Muziek / Achtergrond
special: Dour 2006

Veel hoogtepunten, één dieptepunt

Dour (13 t/m 16 juli) is een festival in België dat in Nederland niet zo bekend is zoals bijvoorbeeld Werchter of Pukkelpop. Dat komt vermoedelijk door het ontbreken van grote dure namen, waarmee bovengenoemde festivals dikwijls koketteren op de festivalposters. Toch is Dour in muzikaal opzicht interessanter. De programmeurs hebben een feilloze neus voor veelbelovende, getalenteerde acts die nog niet bij het grote publiek zijn doorgebroken.

Dour heeft lef en durft de meest uiteenlopende muziekgenres naast elkaar te programmeren.
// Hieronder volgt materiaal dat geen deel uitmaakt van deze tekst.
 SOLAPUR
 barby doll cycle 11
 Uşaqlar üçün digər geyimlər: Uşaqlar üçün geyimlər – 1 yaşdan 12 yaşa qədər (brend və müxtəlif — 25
Zo is er naast heel veel goede pop ook ruimte voor hardcore, reggae, dance, hiphop, experimentele muziek en meer. Voordeel is dat het je in staat stelt in zeer korte tijd een hoop nieuwe dingen te ontdekken, zonder in de verdrukking te raken in de voorlinies van het publiek. Dan neem je de minpunten graag voor lief. De omstandigheden van het festival zijn namelijk enigszins spartaans. Op het hele terrein en de camping zijn hygiëne en sanitaire voorzieningen schaars en dat bij een temperatuur van steevast plus dertig graden.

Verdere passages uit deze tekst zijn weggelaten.